How do you reconcile the quality of life in cities with effective and efficient waste collection? 

This is the question at the heart of ‘Urban Waste Collection’, a project being run by VIL, the Flemish innovation platform for the logistics sector, and for which VITO is providing the scientific underpinning.

Waste is produced not only by a city’s residents, but also by businesses based there, and this waste needs to be collected. However, in order the improve the quality of life in cities, local authorities are implementing all kinds of measures that are preventing selective waste collection. Low-emission zones, city traffic circulation plans, and time windows for loading and unloading are just a few examples. These restrictions are often localised, while selective collection is increasingly being carried out by inter-municipal cooperative societies and private-sector collectors operating in different cities. 

So, in which technologies, equipment and operational solutions would collectors have to invest to allow the selective collection of commercial waste to run smoothly and efficiently? We not only need to devise those solutions; we also need to ensure they are easy to implement. The search for answers forms the subject of the VIL ‘Urban Waste Collection’ project. 
Six cities and inter-municipal cooperative societies plus seven companies and organisations involved in commercial waste collection have signed up to this project. The project team has analysed the commercial waste streams in eight cities in Flanders and examined what restrictions have been imposed on collection services. It asked what the impact of such restrictions is on the selective collection of specific commercial waste streams, such as kitchen waste, paper and cardboard, used fat and oil, rubble, and residual commercial waste.

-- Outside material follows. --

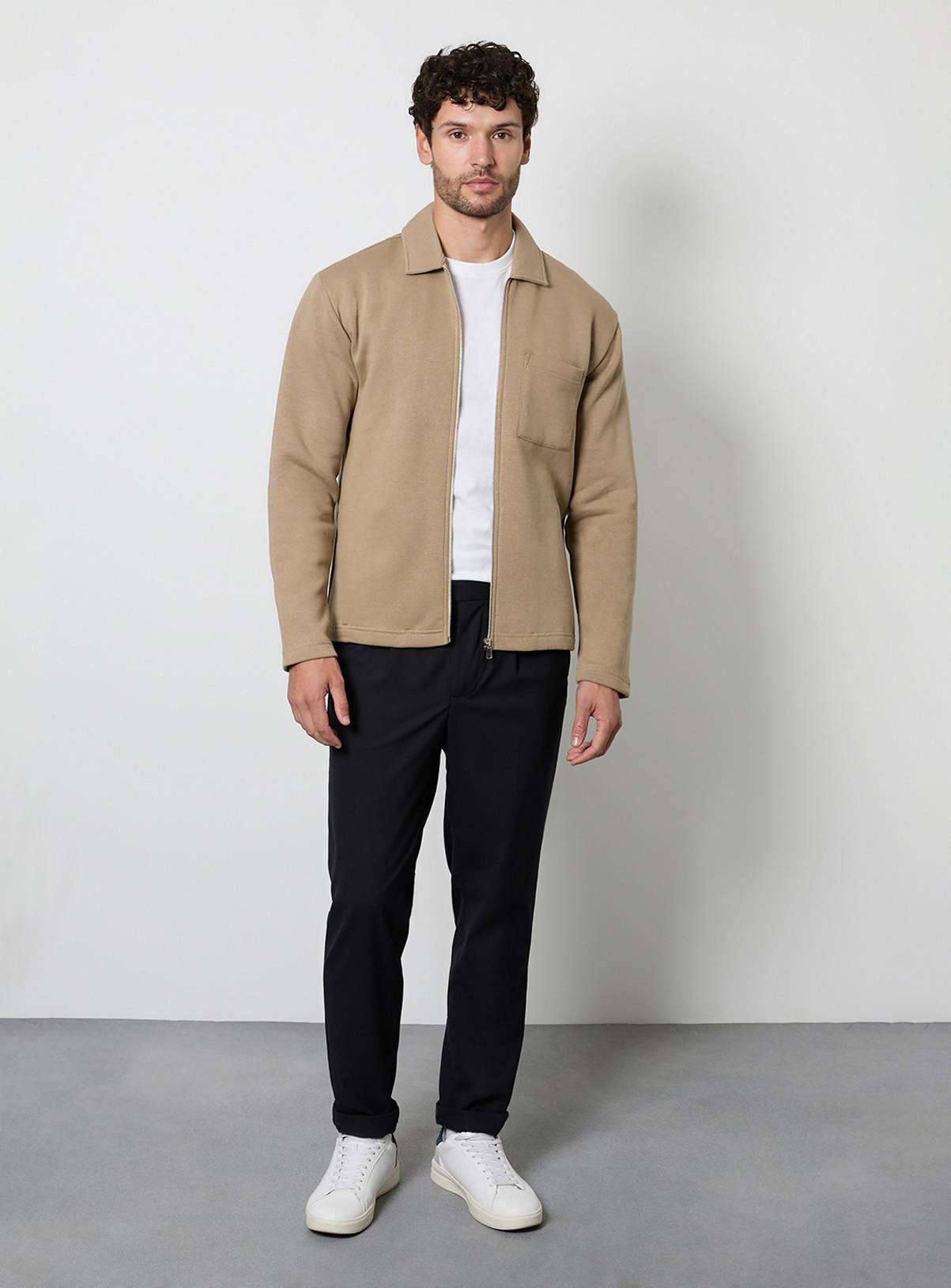 BURTON Taupe Zip Through Jersey Overshirt XXL - Image 4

What technological and logistical factors are needed in order to arrive at a solution? The project gave rise to an additional benefit: an innovative logistical approach provides opportunities that lead to a more circular economy. VITO is investigating what contribution can be made by each approach, and how we can ensure we gain the maximum benefit.

The project was launched in April 2018 and will run for two years. The solutions now being developed for each city take account of both economic and environmental costs. The policy recommendations being produced can be implemented in other cities. This project addresses both the quality of life in cities and effective and efficient waste collection. The aim is to find solutions that offer maximum valorisation of municipal commercial waste, and to answer the question of how we can recover more useful materials from waste more efficiently. We hope that this project will accelerate the transition to a more sustainable world.